(Information provided)

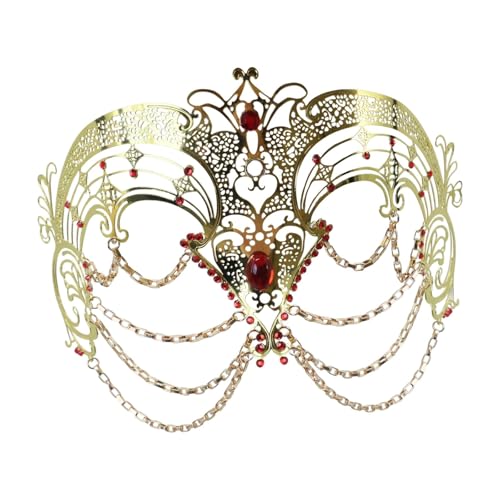 Oshhni Venezianische Maskerademaske für Bühnenaufführung, Halloween-Party, Kostümball, Gold von Oshhni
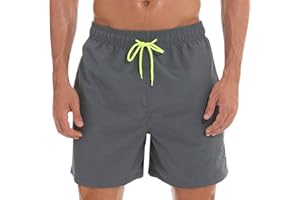ODOKEI Short de Bain Homme Court Maillot de Bain Homme Séchage Rapide Boardshort Short de Bains Hommes Mayo Boxer de Bain Homme Piscine Shorts de Bain Natation Surf Plage Calecon de Bain Grande Taille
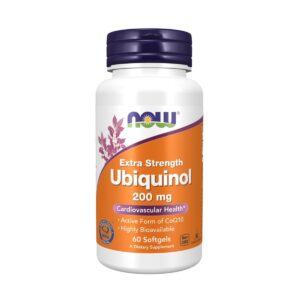 Ubiquinol Kaneka 200 mg Now Foods 60 softgels CoQ10 Paris Herba Barona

(End Information provided)

Work instructions: The expected output is exactly the lines from the one containing "ODOKEI Short de" through the last line of the listing, both included, with every picture left out.

Written response:
ODOKEI Short de Bain Homme Court Maillot de Bain Homme Séchage Rapide Boardshort Short de Bains Hommes Mayo Boxer de Bain Homme Piscine Shorts de Bain Natation Surf Plage Calecon de Bain Grande Taille
 Ubiquinol Kaneka 200 mg Now Foods 60 softgels CoQ10 Paris Herba Barona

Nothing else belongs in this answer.